## Task item
Starting with the line that includes "Canada: 1999 Grey Wolf Platinum Fractional Set Canada: 1999", write out every remaining line of the records below exactly as it appears, leaving out any images.

..........

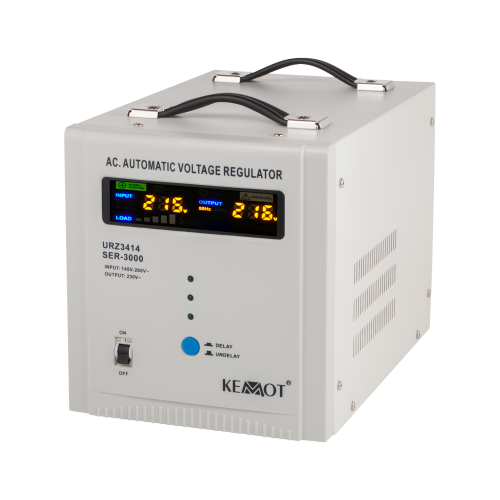 Automatyczny stabilizator napięcia KEMOT SER-3000-Pagrindinis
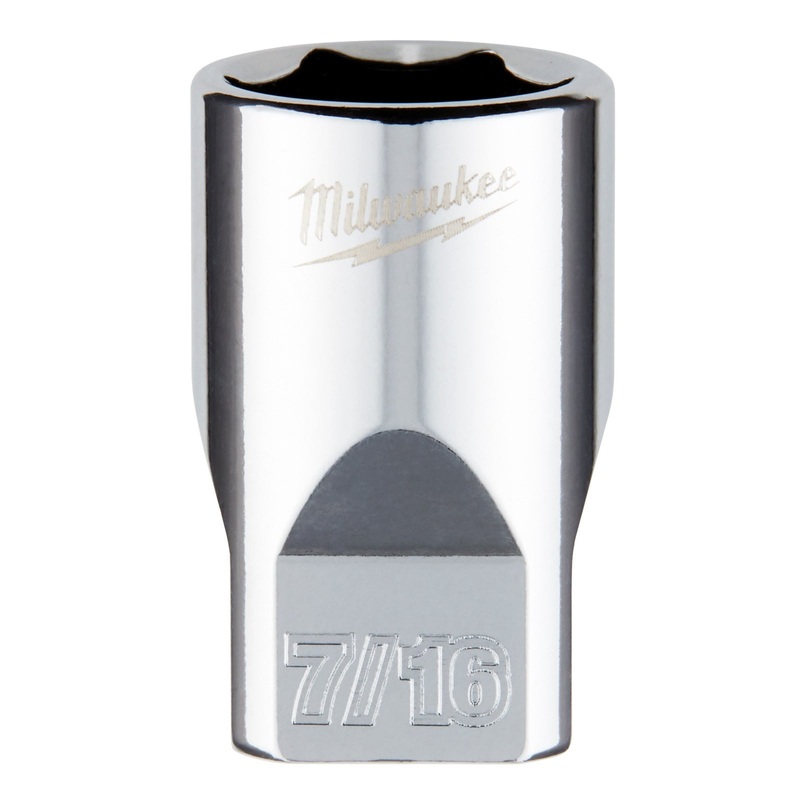 Milwaukee 7/16 SAE Standard 1/4 Drive Socket 45349008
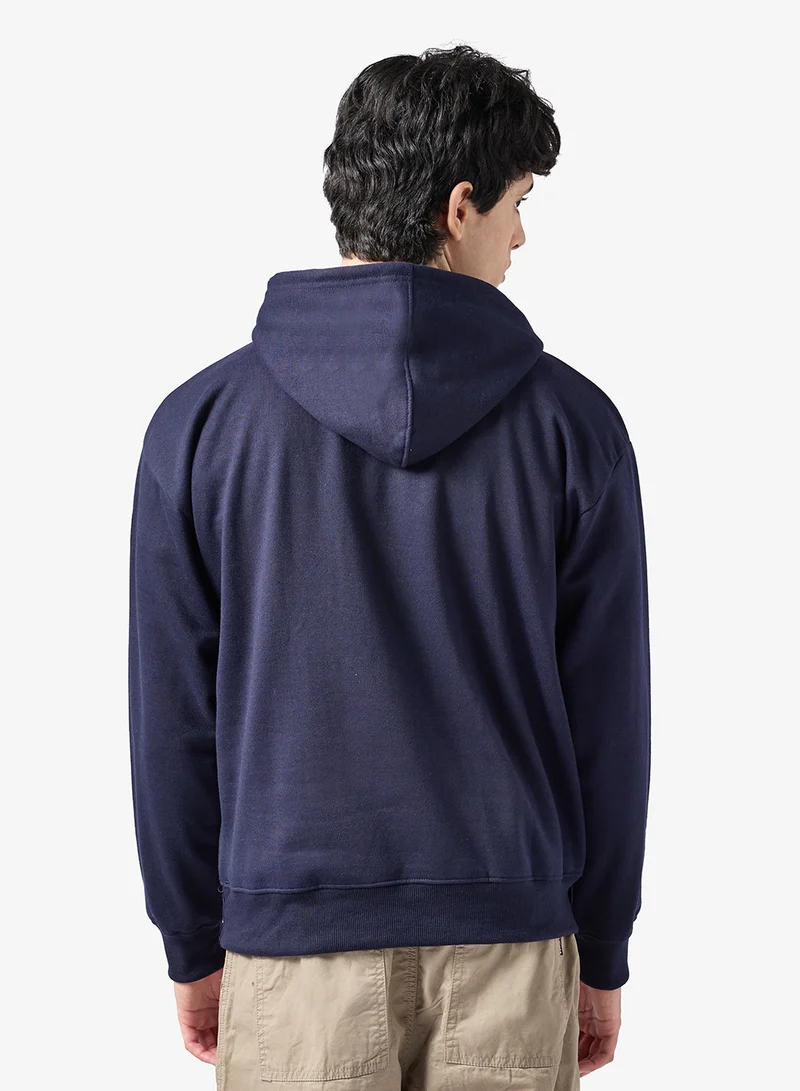 Seventy Five Basics Graphic Print Hoodie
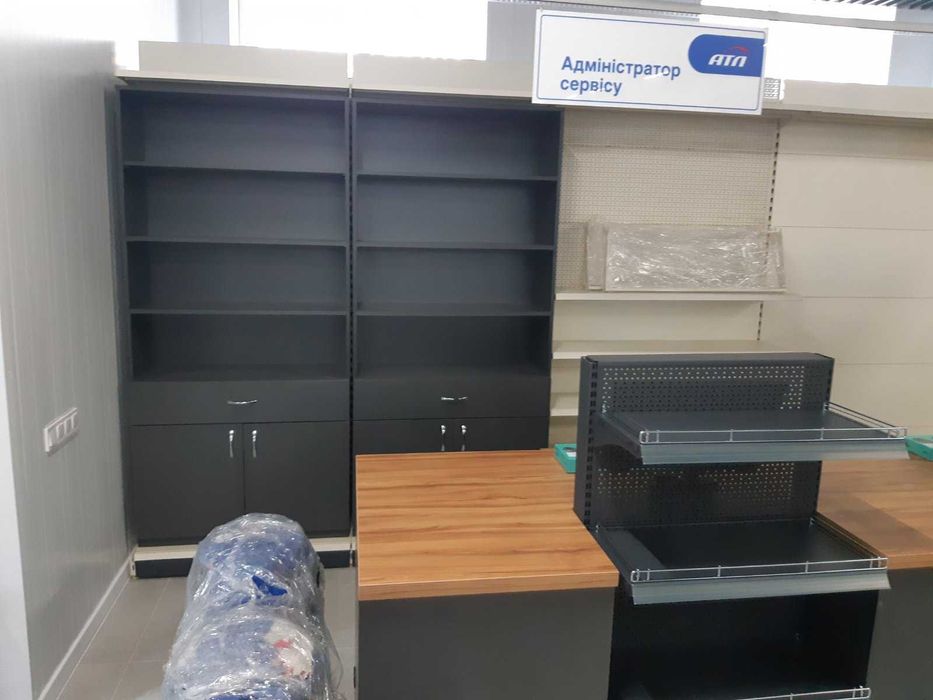 Торговое оборудование, стеллажи, полки купить в магазин, в наличии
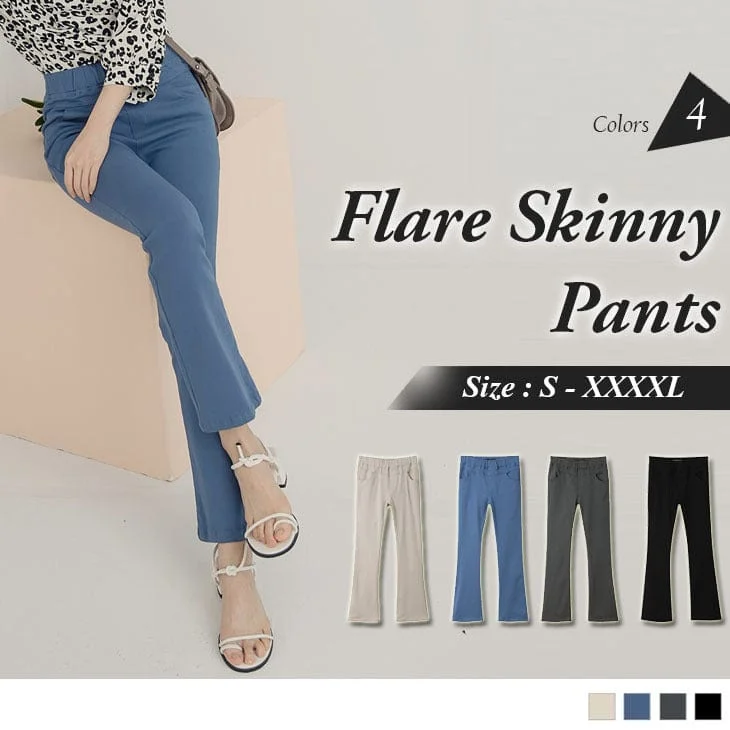 Flash deals on men’s  clothing – Grab yours today!  ELASTIC WAIST FLARE SKINNY PANTS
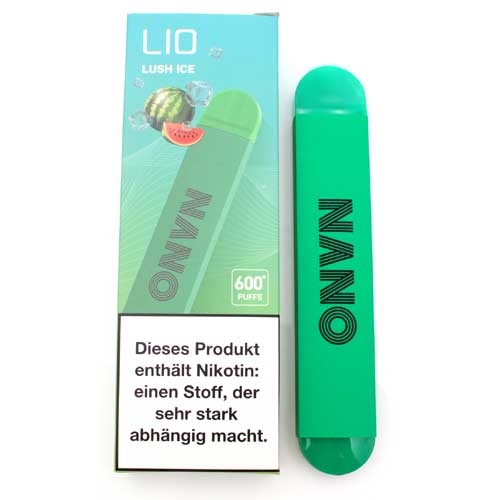 Lio Nano X 600 Einweg E-Zigarette Lush Ice 20mg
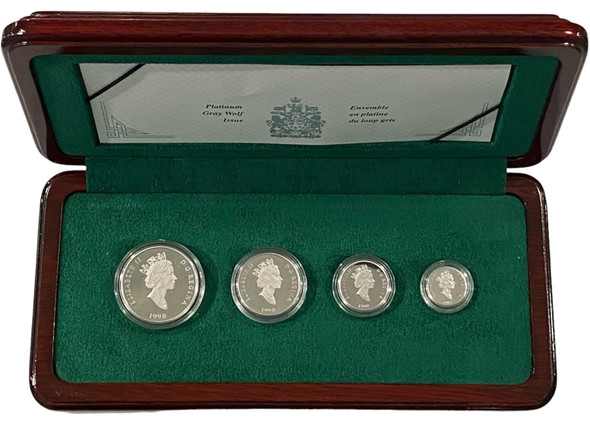 Canada: 1999 Grey Wolf Platinum Fractional Set Canada: 1999 Grey Wolf Platinum Fractional Set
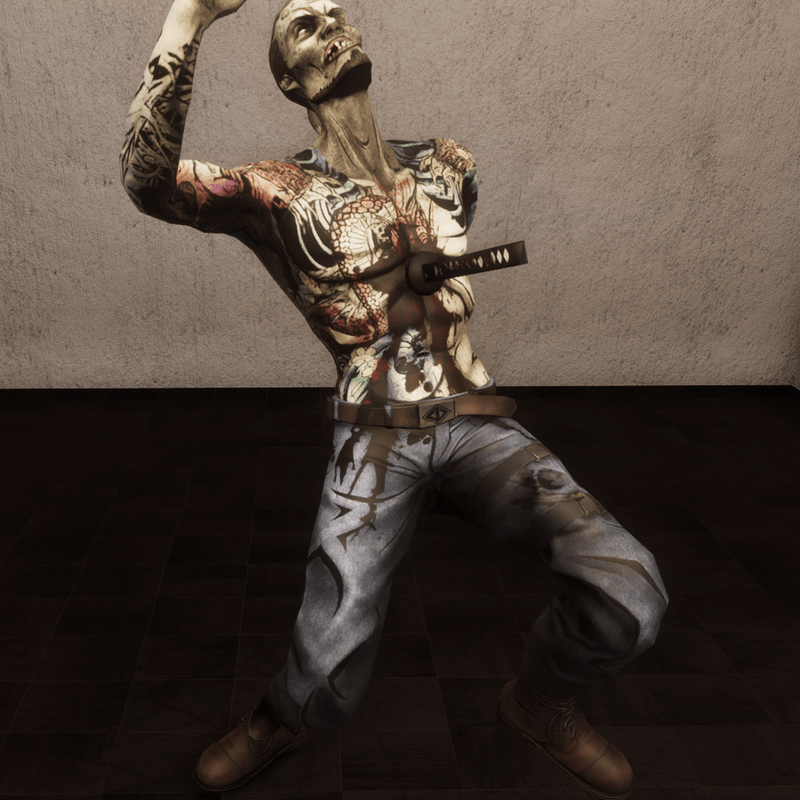 Zombie Falling Death NPC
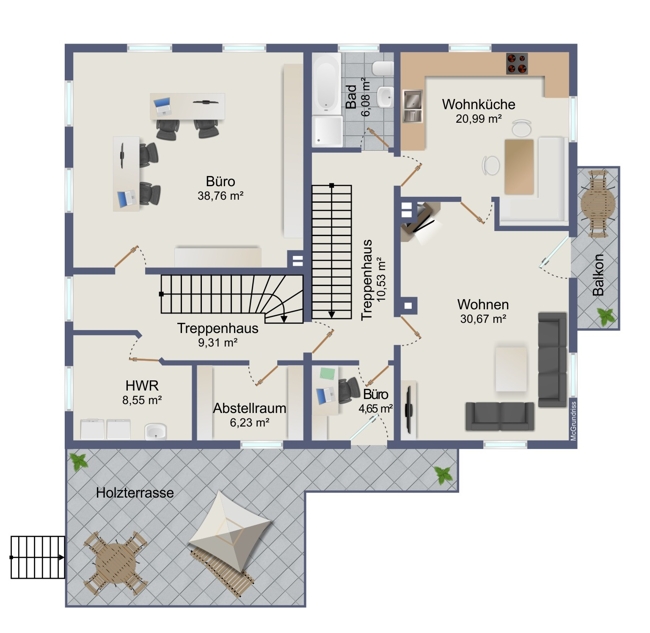 Grundriss Obergeschoss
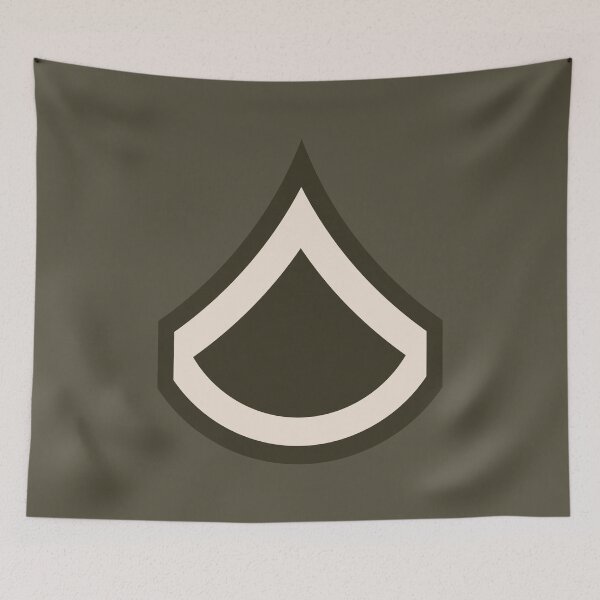 Item preview, United States Army OR-3 Private First Class Rank Insignia designed and sold by wordwidesymbols.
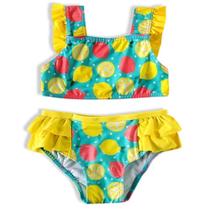 Biquíni Tip Top Limão Com Babado E Proteção Uv50+ Cód: 304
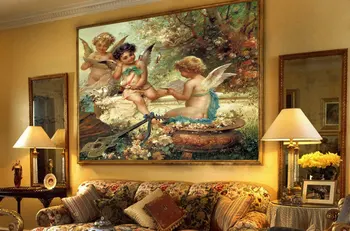 

Custom 3D Photo Wallpaper Reading Angels Wall Mural Living Room Bedroom Vinyl Mural Waterproof Wallpaper Home Decor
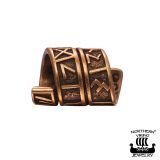 Northern Viking Jewelry®-Partakoru Pronssi Long Rune.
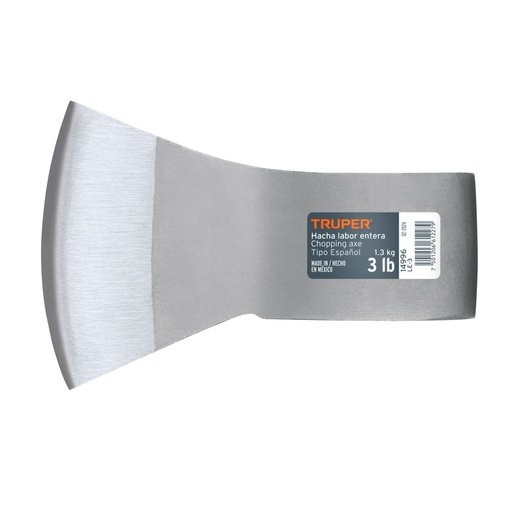 [14996] Hacha labor entera 3 lb, sin mango, TRUPER LE-3
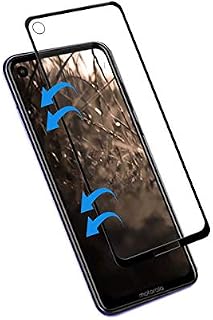 Pelicula de Vidro 3D Moto One Vision Tela toda, Cell Case, Película de Vidro Protetora de Tela para Celular, Preto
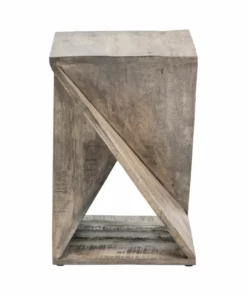 Crestview Collection Bengal Manor Twist End Table, CVFNR708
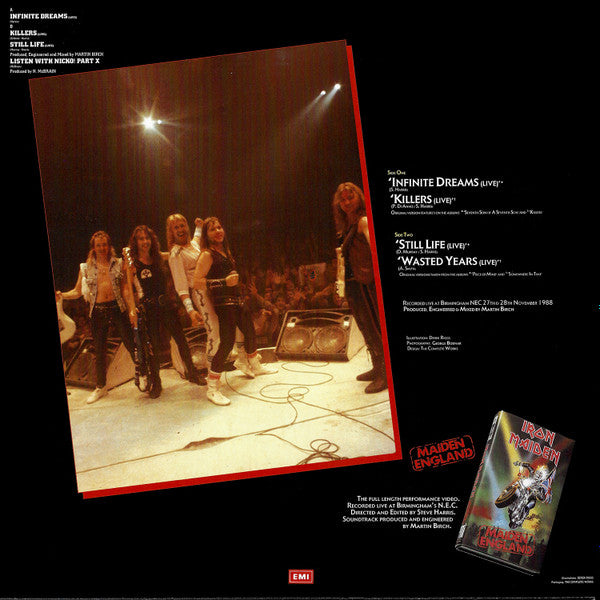Iron Maiden – The Clairvoyant · Infinite Dreams (2x12") 12" vinyl record, image 3 of 9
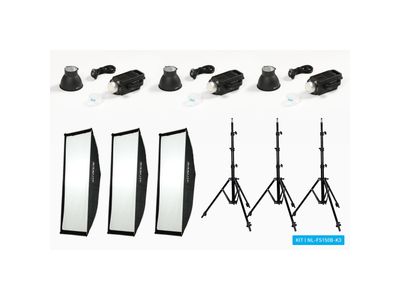 FS-150B LED Spot Light Dual Kit (w/ Light Stand A...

..........

## Output for this task
 Canada: 1999 Grey Wolf Platinum Fractional Set Canada: 1999 Grey Wolf Platinum Fractional Set
 Zombie Falling Death NPC
 Grundriss Obergeschoss
 Item preview, United States Army OR-3 Private First Class Rank Insignia designed and sold by wordwidesymbols.
 Biquíni Tip Top Limão Com Babado E Proteção Uv50+ Cód: 304

Custom 3D Photo Wallpaper Reading Angels Wall Mural Living Room Bedroom Vinyl Mural Waterproof Wallpaper Home Decor
 Northern Viking Jewelry®-Partakoru Pronssi Long Rune.
 [14996] Hacha labor entera 3 lb, sin mango, TRUPER LE-3
 Pelicula de Vidro 3D Moto One Vision Tela toda, Cell Case, Película de Vidro Protetora de Tela para Celular, Preto
 Crestview Collection Bengal Manor Twist End Table, CVFNR708
Iron Maiden – The Clairvoyant · Infinite Dreams (2x12") 12" vinyl record, image 3 of 9
 FS-150B LED Spot Light Dual Kit (w/ Light Stand A...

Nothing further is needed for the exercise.